Ancenis - March 7, 2012 - Jean-Christophe Giroux, President & CEO declared: « Despite persistent operational hurdles we've overperformed our own expectations and our 2011 healthcheck really shows a full recovery. We've come a long way in just two years, but we now want now to project ourselves into the future again. Looking ahead, we believe we are blessed with a unique business opportunity, and want to reaffirm our positioning as THE Material-Handling Reference. We want to take advantage of all growth opportunities in a developing yet fragmented market and double our business over the next 3-4 years, to top by 35% the peak of our last cycle.
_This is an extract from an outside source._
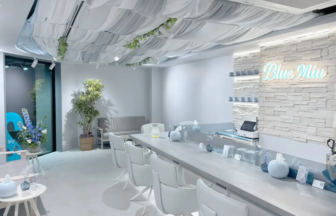 Bright modern salon or reception area with a long white counter white chairs plants and a glowing Blue Mio sign on a textured wall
2012 will represent a first milestone in this Refoundation. It means fixing some old problems from the past, taking the full dimension of our present and (re)setting ambitions for the future. Our IMH and CE divisions are taking new turns and RTH now fully focuses on higher standards of operational performance. We have a lot to work on but the path to success is clear and we are in full marching order. Yet we also want to further improve our financial performance, all the way down the P&L with operating margin up one point and EPS growing by 50%. In this context, I see the proposed dividend as an appreciation for stockholders' support during three difficult years and another token of our confidence into our future.»
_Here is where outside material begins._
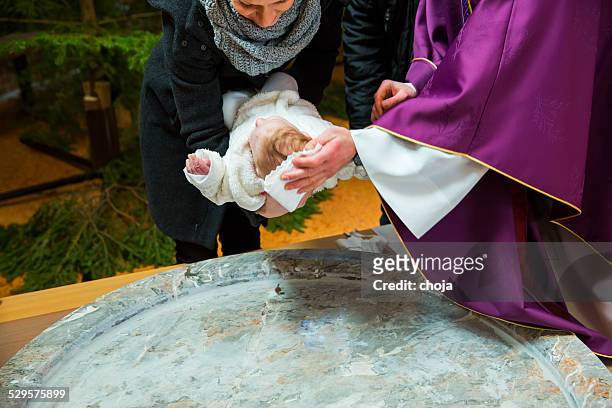 priest is baptizing little baby girl in a church - baptism girl stock pictures, royalty-free photos & images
RTH IMH CE Group RTH IMH CE Group
€ in millions 2010 2010 2010 2010 2011 2011 2011 2011 Var.
Revenue 586.5 123.8 128.1 838.3 796.3 146.9 187.9 1131.1 +35%
Gross profit 93.1 14.7 14.6 122.4 124.5 17.3 31.9 173.6 +42%
Gross profit
%
15.9% 11.9% 11.4% 14.6% 15.6% 11.8% 17.0% 15.3%
Recur.
OP
25.8 -3.6 -18.0 4.3 47.0 -1.8 6.1 51.3
Recur. OP % 4.4% -2.9% -14% 0.5% 5.9% -1.2% 3.2% 4.5%
OP 25.6 -5.6 -18.0 2.0 46.2 -2.2 4.6 52.9
Net Income na na na -16.7 na na na 36.4
Net Debt 139 86 -38%
Net Equity 333 407 +22%
Gearing (%) 43% 21%
Working Capital 256 330 +29%

EBITDA: net operating income +/- increases - reversals in depreciation and amortisation charges +/- increases - reversal in working capital provisions and provisions for risks.

Divisional Review

  • The Rough Terrain Handling (RTH) Division generated €796m of revenue in 2011, a 36% growth over 2010 (€586m). All regions grew with the exception of Southern Europe. From an operational standpoint, 2011 has been affected by high tensions on supplies, especially on engines, that forced the division to reconsider its engine manufacturer partnerships. This decision has been reinforced by the necessity to build a one-off €34m EuroIIIA engine inventory to secure the transition towards EuroIIIB. The recurring operating result reached €47m, progressing by 1.5 bp and reaching a margin of 5.9%.
  • The Industrial Material Handling (IMH) Division posted revenue of €147m, a 19% growth over 2010. The division has substantially revisited its business model, whether for operations with Warehousing now redeployed onto the Beaupréau site, or go-tomarket, with the launch of a Manitou-branded CB truck and the subsequent evolution of the Toyota partnership announced early 2012. In parallel to those changes, IMH improved its financial profile with a recurring operating loss contained at -€1.8m, half the level of 2010.
  • With revenue of €188m vs. €128m last year, the Compact Equipment (CE) Division posted a +47% rebound driven by equipment renewal and a dynamic Agriculture market. In 2011 the division has combined its organizations in the United-States and in Europe. The division has launched its first homegrown Rubber Track-Loader range. The business recovery brings the division back to a positive operating result of €6,1m vs. a loss of €18m in 2010.

"Manitou More!"

Manitou presented in January 2012 a new framework for mid-term ambitions aiming at a doubling of the business everything being equal. Manitou More! will capitalize on 5 corporate values that have already created the conditions of success in the past, and will now be leveraged into the future: Leadership, Customer-Centricity, Anticipation, Difference, Accountability. We believe those values are meaningful both to our business performance and our collective and individual attitude.

2012 Outlook

Manitou confirms its expectations for a 10-15% revenue growth in 2012, with H1 on the higher end given current backlog, and uncertainty lower visibility at this stage for H2. Operational performance should reach 5.5%, and yield a 50% increase at EPS level.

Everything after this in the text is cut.